**TASK TO COMPLETE:** The expected output is the line holding "new 2026 Hyundai" plus every line after it through the end of the listing, copied exactly.

*** Begin section ***

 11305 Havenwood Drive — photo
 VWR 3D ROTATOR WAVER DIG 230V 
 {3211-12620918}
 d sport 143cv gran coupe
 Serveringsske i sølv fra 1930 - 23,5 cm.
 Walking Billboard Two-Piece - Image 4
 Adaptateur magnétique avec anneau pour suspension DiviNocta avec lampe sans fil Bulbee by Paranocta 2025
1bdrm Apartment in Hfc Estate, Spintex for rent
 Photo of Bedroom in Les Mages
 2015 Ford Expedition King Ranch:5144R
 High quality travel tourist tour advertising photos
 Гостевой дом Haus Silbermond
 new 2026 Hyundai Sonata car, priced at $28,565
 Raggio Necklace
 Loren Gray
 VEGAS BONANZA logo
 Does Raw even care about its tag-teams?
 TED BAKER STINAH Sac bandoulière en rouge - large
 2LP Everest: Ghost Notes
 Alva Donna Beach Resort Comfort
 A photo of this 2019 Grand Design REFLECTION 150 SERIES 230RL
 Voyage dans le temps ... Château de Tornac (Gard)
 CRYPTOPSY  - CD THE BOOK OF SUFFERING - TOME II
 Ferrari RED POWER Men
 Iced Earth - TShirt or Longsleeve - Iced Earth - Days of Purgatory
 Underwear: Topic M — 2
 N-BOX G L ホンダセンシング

*** End section ***

**REPLY:**
 new 2026 Hyundai Sonata car, priced at $28,565
 Raggio Necklace
 Loren Gray
 VEGAS BONANZA logo
 Does Raw even care about its tag-teams?
 TED BAKER STINAH Sac bandoulière en rouge - large
 2LP Everest: Ghost Notes
 Alva Donna Beach Resort Comfort
 A photo of this 2019 Grand Design REFLECTION 150 SERIES 230RL
 Voyage dans le temps ... Château de Tornac (Gard)
 CRYPTOPSY  - CD THE BOOK OF SUFFERING - TOME II
 Ferrari RED POWER Men
 Iced Earth - TShirt or Longsleeve - Iced Earth - Days of Purgatory
 Underwear: Topic M — 2
 N-BOX G L ホンダセンシング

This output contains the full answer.